This Day in ’88: Roy Orbison Tribute
30 years ago today, a small cavalcade of top-notch musicians united to pay tribute to Roy Orbison, who had passed away five days earlier.
We describe it as a small cavalcade only because the Wiltern Theater, where the tribute in question took place, was only filled with about 200 of Orbison’s friends, which – given that the venue in question holds about 1,850 people – leads us to presume that the guest list was decidedly small that evening. Still, for a small audience, there were a lot of big stars in the house that night, among them Dave Edmunds, Don Henley, Jeff Lynne, Graham Nash, Tom Petty, Bonnie Raitt, Johnny Rivers, and the Stray Cats.
Of those individuals, we’re led to understand that only Edmunds, Raitt, Rivers, and the Cats actually performed, but at the time there were rumblings that all of the surviving members of The Traveling Wilburys would be reuniting to take the stage. At least one reason that failed to occur was that George Harrison – although in Los Angeles at the time – was battling the flu and in no position to stop by.

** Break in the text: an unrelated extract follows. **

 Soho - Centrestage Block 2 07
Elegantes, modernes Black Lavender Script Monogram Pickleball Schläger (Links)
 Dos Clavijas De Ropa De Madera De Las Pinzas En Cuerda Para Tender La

We don’t know anything about Bob Dylan’s whereabouts that night, but you know that guy: he’s a riddle wrapped in an enigma. (For all we know, he could’ve been there wearing Groucho glasses and mustache, and everybody was just, like, “Is that…?” “Yep.” “But why is he…?” “Because he just is, and if that ain’t good enough for you, have another drink…and then just keep drinkin’ ‘til it is good enough, because there ain’t no other answer!”)

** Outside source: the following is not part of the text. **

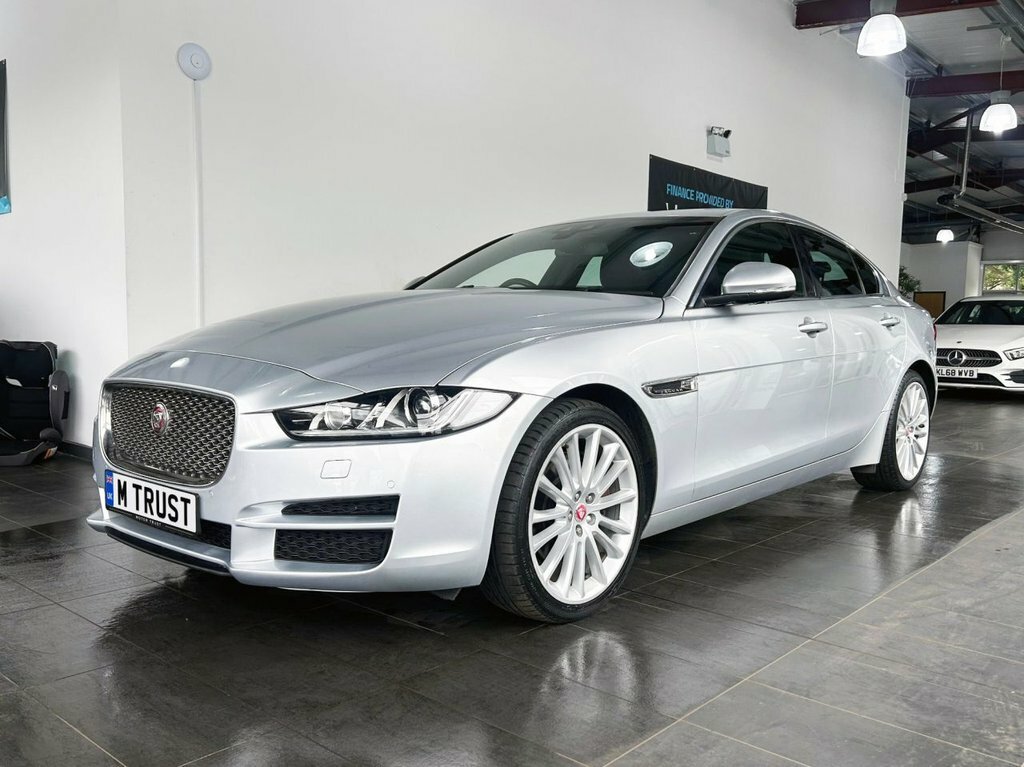 Jaguar XE 2L Portfolio GY18UOB Silver #5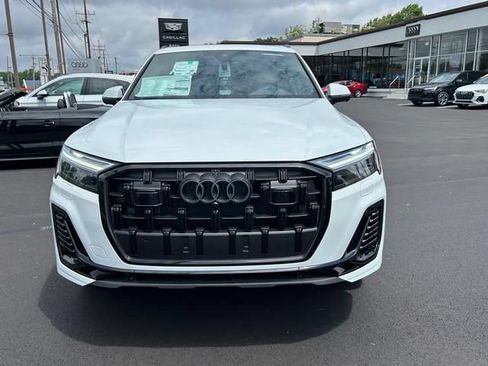 Used 2025 Audi Q7 3.0T Premium Plus w/ Premium Plus Package AWD/4WD image 8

We’d love to offer up some clips from that evening, but there are none to be had, which is none too surprising when one considers the limited audience to begin with. That said, we can at least offer up something from the Rhino catalog that you may never have heard before: Roy Orbison’s lone album for Asylum Records: 1979’s LAMINAR FLOW. Mind you, the reason you may not have heard it is because it wasn’t what you might traditionally describe as commercially successful, but once you’ve checked it out, you’ll be able to tell that it still very much features Orbison’s distinctive voice, which is always worth hearing, no matter how dated the instrumentation and production around it may be.